■ Information shown ■
****************************************

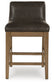 Cabalynn Upholstered Barstool (2/CN) Signature Design by Ashley®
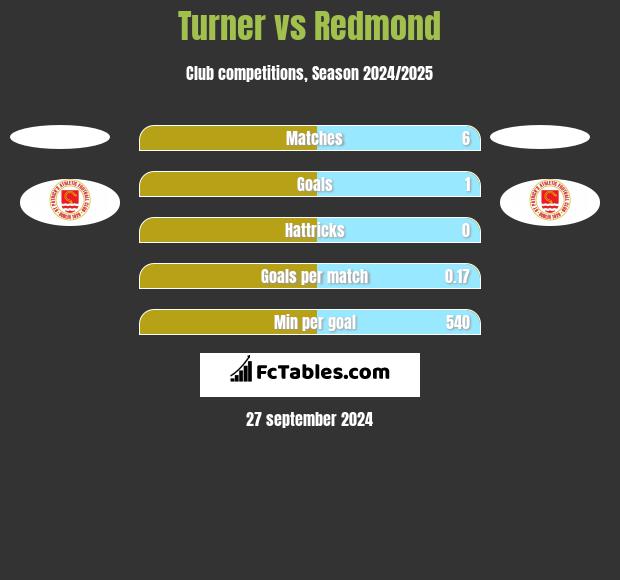 Turner vs Redmond h2h player stats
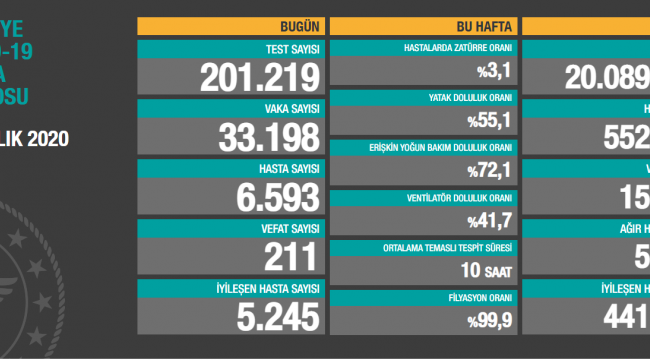 211 VEFAT 33 BİN 198 YENİ VAKA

****************************************

■ Description of the task ■
In full and without changes, repeat the listing above, but not its pictures.

■ Completed task ■
 Cabalynn Upholstered Barstool (2/CN) Signature Design by Ashley®
 Turner vs Redmond h2h player stats
 211 VEFAT 33 BİN 198 YENİ VAKA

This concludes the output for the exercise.